Even if you’re only using one or two servers, setting up Auto Scaling can help your network handle spikes in traffic activity, and is a useful feature for any high availability network.
Setting Up a Managed Instance Group
From the GCP Management Console, select Compute Engine > Instance Groups.
Create a new instance group, and choose “New Managed Instance Group.”
You can set this group to spawn across multiple zones, which is better for high availability. Each instance group will be fixed to one region though, and this setting is permanent. You’ll need to create additional instance groups for every other region you plan on having servers in.
You’ll, of course, need an instance template set up to define what data gets put on your server, and how a new node in the Auto Scaling group gets started up. If you have one already, select it here. If not, you can read our guide on setting them up.
Below that, you’ll find the settings for Auto Scaling. The default mode auto scales up and down, but you can disable scale in and only have the network scale up. You can also set the metric that it uses to Auto Scale, which is set to CPU usage at 60% by default.
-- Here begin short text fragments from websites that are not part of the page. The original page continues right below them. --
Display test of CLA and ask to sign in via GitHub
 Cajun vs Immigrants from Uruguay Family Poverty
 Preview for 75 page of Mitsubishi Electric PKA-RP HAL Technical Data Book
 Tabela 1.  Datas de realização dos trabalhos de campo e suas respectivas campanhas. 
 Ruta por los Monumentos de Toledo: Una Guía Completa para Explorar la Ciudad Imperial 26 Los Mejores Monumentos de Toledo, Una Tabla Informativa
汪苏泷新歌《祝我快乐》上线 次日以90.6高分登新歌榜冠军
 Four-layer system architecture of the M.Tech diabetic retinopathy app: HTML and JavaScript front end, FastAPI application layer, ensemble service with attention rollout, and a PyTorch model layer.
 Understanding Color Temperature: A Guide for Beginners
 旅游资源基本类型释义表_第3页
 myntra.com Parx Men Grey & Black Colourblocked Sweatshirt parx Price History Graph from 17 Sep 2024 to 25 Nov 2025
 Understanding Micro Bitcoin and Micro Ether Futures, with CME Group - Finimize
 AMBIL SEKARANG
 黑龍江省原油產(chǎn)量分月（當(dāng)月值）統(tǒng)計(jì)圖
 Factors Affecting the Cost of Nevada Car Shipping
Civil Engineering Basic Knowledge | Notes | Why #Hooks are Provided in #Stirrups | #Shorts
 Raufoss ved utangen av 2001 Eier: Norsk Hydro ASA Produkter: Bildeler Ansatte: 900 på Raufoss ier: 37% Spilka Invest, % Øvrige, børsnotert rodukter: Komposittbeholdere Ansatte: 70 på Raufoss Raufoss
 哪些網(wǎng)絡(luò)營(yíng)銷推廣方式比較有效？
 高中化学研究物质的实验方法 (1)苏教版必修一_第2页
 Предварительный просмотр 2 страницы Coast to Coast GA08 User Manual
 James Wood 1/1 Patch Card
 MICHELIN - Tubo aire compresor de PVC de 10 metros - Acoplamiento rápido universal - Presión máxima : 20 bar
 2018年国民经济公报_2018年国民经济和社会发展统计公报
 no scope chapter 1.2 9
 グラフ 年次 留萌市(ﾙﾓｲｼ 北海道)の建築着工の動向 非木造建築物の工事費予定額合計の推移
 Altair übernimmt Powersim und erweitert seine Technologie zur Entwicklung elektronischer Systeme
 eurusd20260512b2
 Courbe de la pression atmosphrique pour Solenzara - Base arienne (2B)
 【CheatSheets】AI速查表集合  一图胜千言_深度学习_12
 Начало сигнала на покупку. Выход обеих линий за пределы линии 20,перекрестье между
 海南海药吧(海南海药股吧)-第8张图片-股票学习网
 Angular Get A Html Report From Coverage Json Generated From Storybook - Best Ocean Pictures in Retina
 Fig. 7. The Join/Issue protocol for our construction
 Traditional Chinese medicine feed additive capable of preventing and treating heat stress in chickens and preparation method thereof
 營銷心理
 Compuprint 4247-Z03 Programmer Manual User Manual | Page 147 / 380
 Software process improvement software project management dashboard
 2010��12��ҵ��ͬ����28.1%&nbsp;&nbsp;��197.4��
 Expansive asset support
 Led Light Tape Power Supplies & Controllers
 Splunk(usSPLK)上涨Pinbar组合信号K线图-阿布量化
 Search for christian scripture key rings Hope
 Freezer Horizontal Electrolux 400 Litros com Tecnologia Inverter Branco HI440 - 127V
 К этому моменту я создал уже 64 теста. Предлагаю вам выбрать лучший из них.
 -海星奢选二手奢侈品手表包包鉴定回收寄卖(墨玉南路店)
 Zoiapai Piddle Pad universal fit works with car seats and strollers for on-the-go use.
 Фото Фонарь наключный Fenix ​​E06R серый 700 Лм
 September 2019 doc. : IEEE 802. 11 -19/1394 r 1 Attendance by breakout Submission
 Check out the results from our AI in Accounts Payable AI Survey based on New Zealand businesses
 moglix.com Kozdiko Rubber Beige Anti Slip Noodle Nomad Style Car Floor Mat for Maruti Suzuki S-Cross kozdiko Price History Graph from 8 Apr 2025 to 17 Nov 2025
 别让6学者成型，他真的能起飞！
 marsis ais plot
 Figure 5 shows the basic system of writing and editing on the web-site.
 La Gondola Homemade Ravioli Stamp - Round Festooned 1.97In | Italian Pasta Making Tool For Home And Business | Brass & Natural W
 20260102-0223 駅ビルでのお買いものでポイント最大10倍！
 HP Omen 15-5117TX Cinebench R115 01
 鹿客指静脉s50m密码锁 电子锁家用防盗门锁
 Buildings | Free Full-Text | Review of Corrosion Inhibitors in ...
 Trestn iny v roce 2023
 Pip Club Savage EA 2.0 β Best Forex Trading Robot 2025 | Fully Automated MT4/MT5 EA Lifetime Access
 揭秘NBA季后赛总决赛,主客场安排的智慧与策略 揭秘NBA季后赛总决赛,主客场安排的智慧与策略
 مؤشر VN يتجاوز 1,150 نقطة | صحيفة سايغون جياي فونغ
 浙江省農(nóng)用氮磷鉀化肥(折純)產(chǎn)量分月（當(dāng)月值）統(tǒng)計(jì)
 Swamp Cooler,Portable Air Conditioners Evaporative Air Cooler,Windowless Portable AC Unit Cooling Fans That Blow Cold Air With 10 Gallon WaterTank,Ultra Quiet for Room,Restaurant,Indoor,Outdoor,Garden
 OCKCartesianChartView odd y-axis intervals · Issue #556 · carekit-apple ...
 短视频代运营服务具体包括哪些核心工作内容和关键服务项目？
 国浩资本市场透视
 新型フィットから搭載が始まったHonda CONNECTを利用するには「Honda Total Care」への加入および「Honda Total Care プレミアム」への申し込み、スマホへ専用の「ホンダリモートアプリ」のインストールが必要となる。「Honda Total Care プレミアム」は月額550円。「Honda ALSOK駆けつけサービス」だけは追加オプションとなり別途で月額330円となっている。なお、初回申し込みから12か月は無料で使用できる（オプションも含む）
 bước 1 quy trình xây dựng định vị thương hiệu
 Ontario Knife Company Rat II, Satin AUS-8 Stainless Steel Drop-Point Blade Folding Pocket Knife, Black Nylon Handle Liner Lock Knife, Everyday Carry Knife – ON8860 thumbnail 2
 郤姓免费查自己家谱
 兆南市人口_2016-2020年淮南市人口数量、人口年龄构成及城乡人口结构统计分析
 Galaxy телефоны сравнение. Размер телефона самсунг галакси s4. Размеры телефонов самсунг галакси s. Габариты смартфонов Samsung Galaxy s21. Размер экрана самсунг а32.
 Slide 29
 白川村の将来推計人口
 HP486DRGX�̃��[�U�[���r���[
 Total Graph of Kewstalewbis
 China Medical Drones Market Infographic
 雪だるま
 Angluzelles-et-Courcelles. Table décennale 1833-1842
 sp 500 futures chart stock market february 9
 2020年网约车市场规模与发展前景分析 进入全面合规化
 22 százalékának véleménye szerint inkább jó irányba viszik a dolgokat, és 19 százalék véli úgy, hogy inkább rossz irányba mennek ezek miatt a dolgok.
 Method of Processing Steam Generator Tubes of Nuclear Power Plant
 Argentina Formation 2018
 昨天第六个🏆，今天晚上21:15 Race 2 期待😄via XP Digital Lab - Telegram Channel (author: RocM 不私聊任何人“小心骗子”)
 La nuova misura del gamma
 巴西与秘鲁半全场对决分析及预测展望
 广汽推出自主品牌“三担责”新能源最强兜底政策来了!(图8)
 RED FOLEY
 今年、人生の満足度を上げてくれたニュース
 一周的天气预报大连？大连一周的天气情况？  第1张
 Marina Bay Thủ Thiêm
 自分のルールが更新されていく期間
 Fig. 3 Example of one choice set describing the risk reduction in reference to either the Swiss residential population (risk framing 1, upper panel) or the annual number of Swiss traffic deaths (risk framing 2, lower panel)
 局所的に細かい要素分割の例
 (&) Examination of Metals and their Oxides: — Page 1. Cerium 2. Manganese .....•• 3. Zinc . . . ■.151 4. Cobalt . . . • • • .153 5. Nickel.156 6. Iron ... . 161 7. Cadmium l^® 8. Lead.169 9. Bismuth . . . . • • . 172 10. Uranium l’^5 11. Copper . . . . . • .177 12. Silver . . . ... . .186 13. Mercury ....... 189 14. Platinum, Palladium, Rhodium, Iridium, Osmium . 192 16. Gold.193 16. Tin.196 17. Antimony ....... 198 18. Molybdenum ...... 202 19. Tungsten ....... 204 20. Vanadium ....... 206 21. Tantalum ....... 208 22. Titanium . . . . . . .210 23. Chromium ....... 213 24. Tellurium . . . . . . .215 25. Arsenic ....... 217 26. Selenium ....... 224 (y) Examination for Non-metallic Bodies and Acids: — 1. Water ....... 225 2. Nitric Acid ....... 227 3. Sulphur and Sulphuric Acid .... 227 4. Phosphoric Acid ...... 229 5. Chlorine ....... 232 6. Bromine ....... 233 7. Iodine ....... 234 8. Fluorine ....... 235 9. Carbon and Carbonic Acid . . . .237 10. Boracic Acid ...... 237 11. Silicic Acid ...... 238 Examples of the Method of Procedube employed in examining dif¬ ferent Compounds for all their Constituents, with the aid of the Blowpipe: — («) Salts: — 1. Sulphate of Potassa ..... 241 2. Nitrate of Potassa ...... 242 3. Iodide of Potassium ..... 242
The cool-down period is basically how long a new server takes to load up—if your server takes a minute or two to get everything set up, you don’t want GCP looking at those metrics while it’s setting up, as it could report unexpectedly high CPU usage.
You can also change the minimum and maximum number of instances, to ensure performance and limit costs, respectively.
The last feature is Autohealing, which will regular perform health checks on the services running on each instance. If an instance starts acting up, it can be replaced easily. If you have a load balancer, it will route traffic away automatically but doesn’t fix the instance itself without autohealing. We recommend that you enable this feature.
Click “Create,” and the minimum number of instances will be created. You can manage them individually from the Compute Engine console, or manage the instance template to edit the settings for the whole group.